Shared resources: Presentations by all lab members, visuals, plasmid/strain databases, laboratory inventory, ordering history, and useful reference material are kept on the MsEE Lab Google Drive account.
Data: All lab data from published projects is available on GitHub repositories for the corresponding project or public online databases. Unpublished data for lab projects should be stored on the MsEE Lab Google Drive account as it is generated. Large data files may be stored on the lab server.
Notebooks: Lab members are required to keep any note-taking system that allows the downloaded storage of all the details required to replicate experiments or analysis, and understand when and how they were done. Computational projects should have changelog files that describe changes made to the code. Notebooks and changelog files can be public documents if the lab member so desires. Advances in different projects may be made public as research updates on the MsEE Lab Substack if agreed to by the lab members working on the project.
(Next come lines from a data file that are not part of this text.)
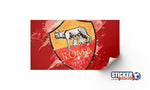 Pie decorativo de la mesa con logo ROMA - Vignette | Sticker Foot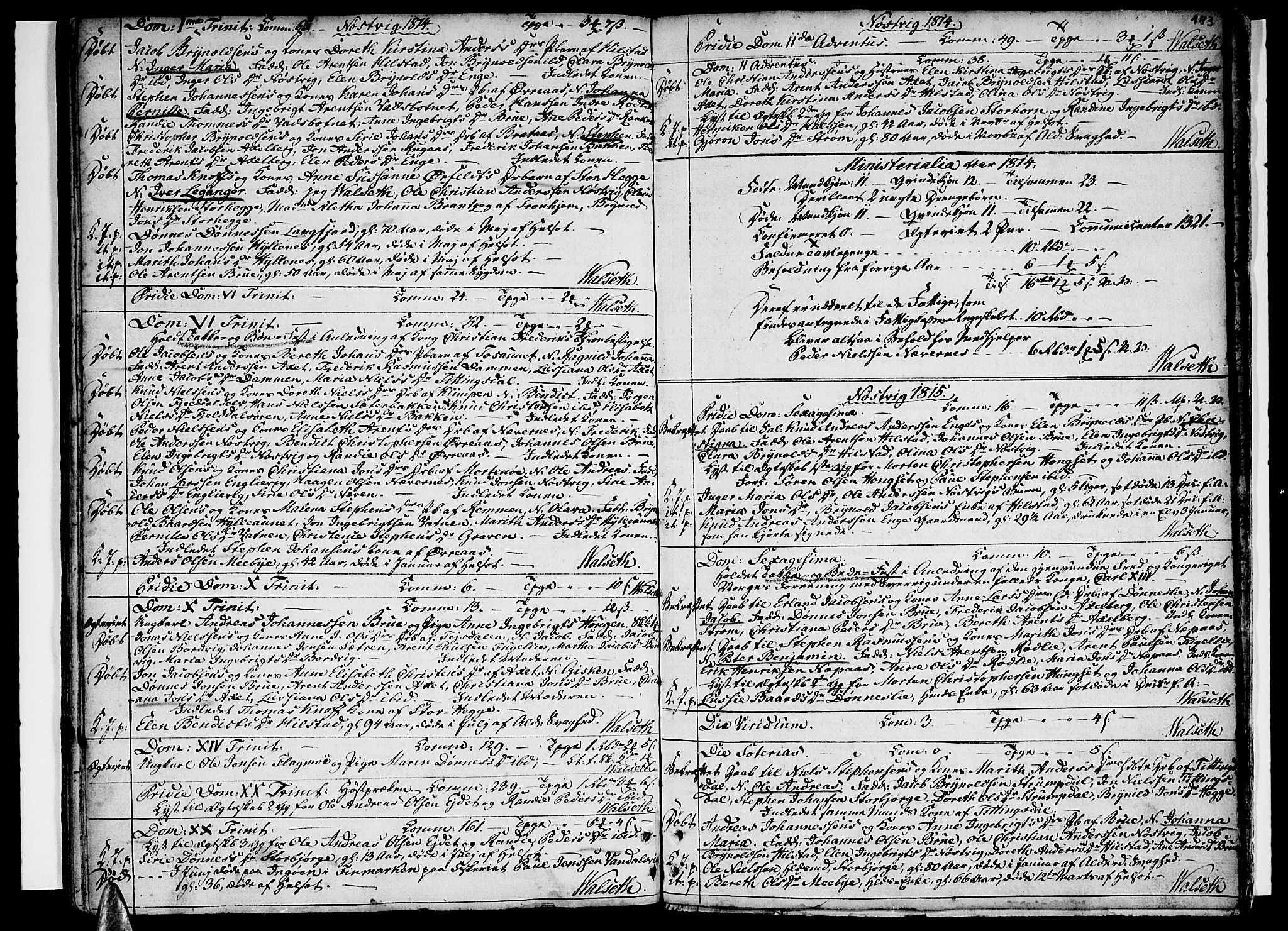 Ministerialprotokoller, klokkerbøker og fødselsregistre - Nordland, SAT/A-1459/814/L0222: Parish register (official) no. 814A03, 1752-1819, p. 183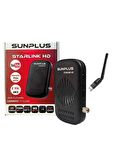 Sunplus Starlink Turbo HD 2024 Çanaklı-Çanaksız  Full Hd Sınırsız Sinema Paketli Uydu Alıcısı Wifi Hediyeli
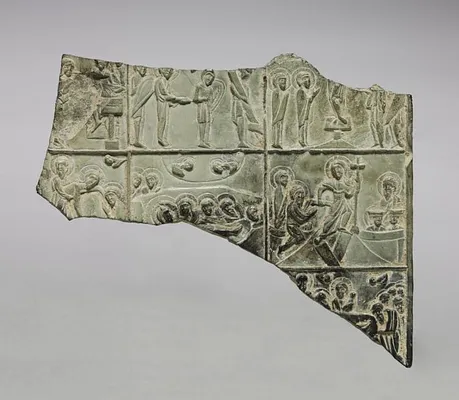 Fragment of an Icon with Scenes from Christ's Passion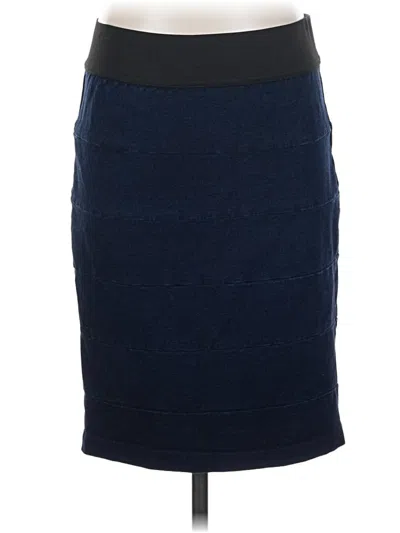 Pre-owned Style & Co Casual Skirt In Blue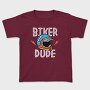 Biker Dude Helmet Flash, Tricou Copii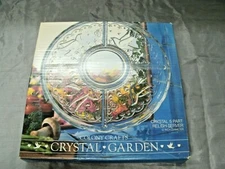 Colony Crafts CRYSTAL GARDEN 12" #4502 5 Part Relish Server Dish NEW in Box USA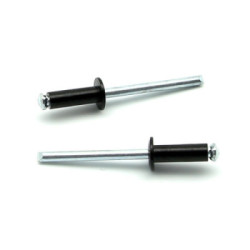 Rivetti a strappo RISTAR A FIORE Alluminio/Acciaio Testa Tonda Verniciato RAL 9005 4.0x8.0mm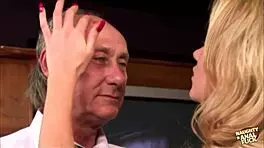 Blonde Craves Old Guy's Anal Lessons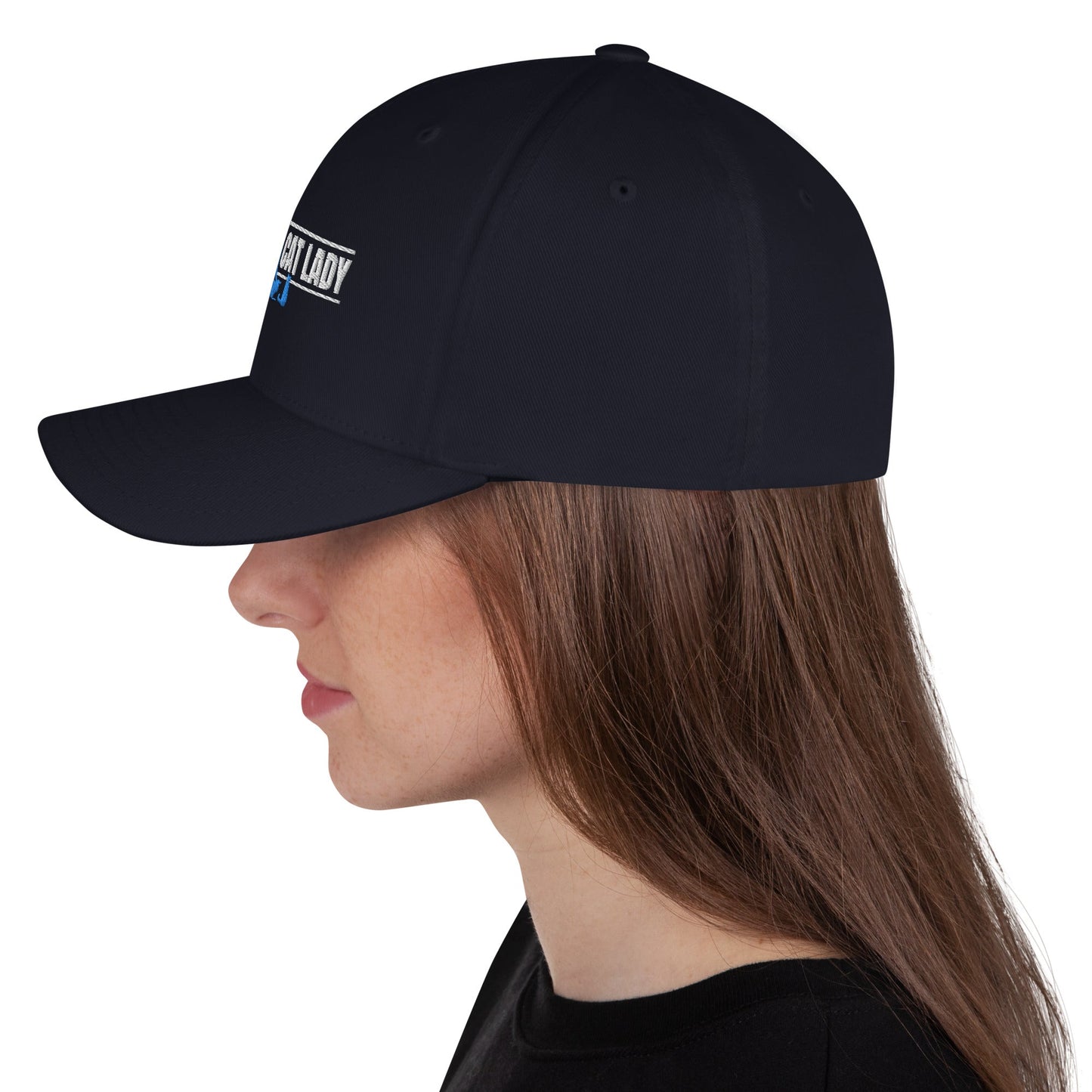 Mindful Cat Lady Structured Twill Cap - Hats - EpiAl's Shop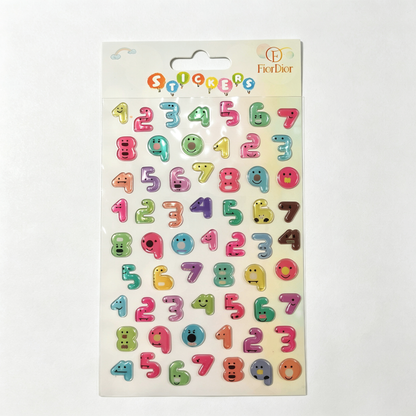 Numeri 3D Adesivi Morbidi | Stickers Colorati per Scuola e DIY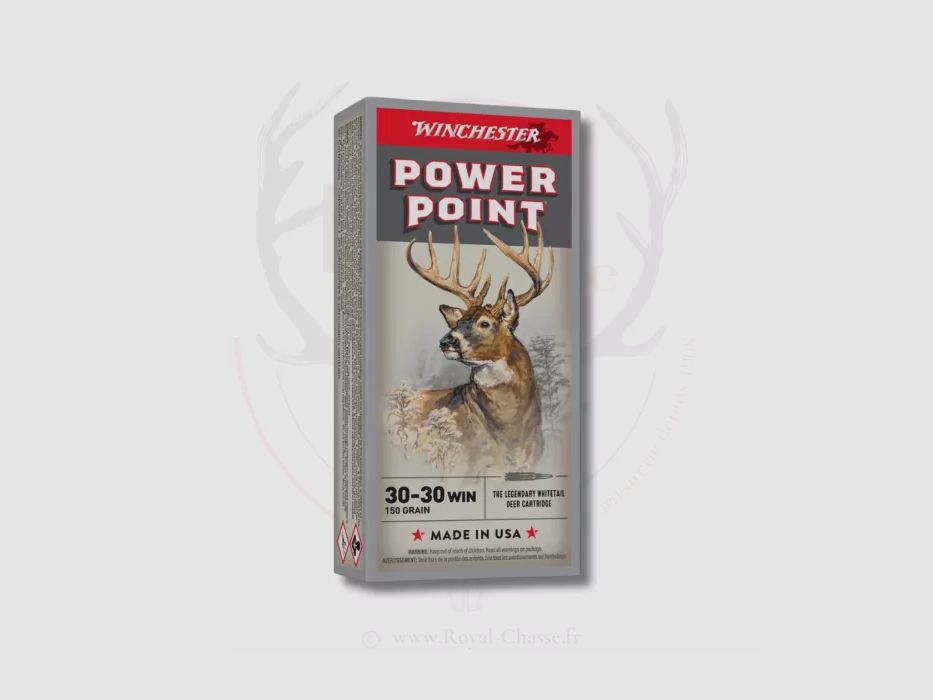 20 balles POWER POINT Cal.30-30Win 170Grs WINCHESTER, image 1 sur 3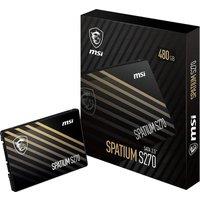 MSI Spatium S270 SATA 2.5" Internal SSD - 480 GB, Black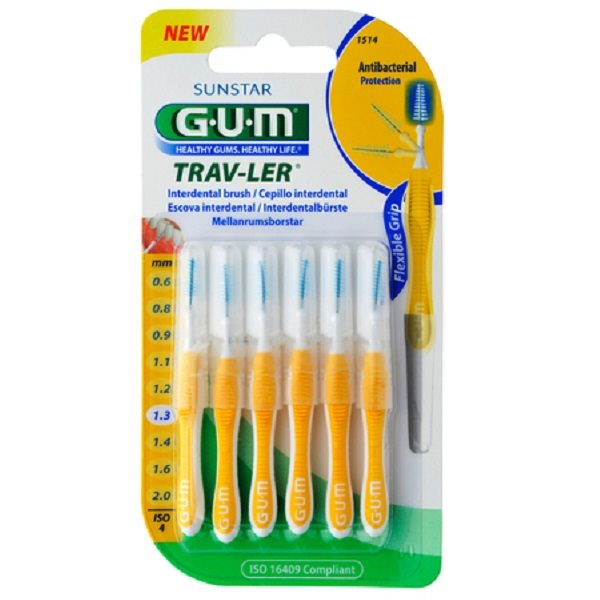 GUM Trav-Ler 1.3mm ISO4 con gelb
Code: Code used for simulations or data analysis should be shared publicly through the MsEE Lab Github Organization. Code is shared under an MIT License. All published projects should include a README file explaining the purpose and structure of the code, as well as information on the hardware used to run the code. A changelog file logging changes made to the code should be included as well (see above). We encourage inline documentation of functions. Code not created by a member of MsEE Lab should be annotated with its source, whether it is existing code copied or modified from elsewhere or code generated by artificial intelligence. Computational tools designed for distribution and use by others should include full user interface documentation and usage examples.
Publishing: All projects are published as preprints as soon as they are completed for publication, and updated with new results whenever they are available. MsEE Lab prefers to publish in nonprofit research journals, but the choice of a target journal is an open matter of discussion for members of the project being published. Elsevier is banned for being particularly egregious in its attacks on open science (although making for a fascinating story along the way). Yes, this includes all of Cell Press and The Lancet, sorry.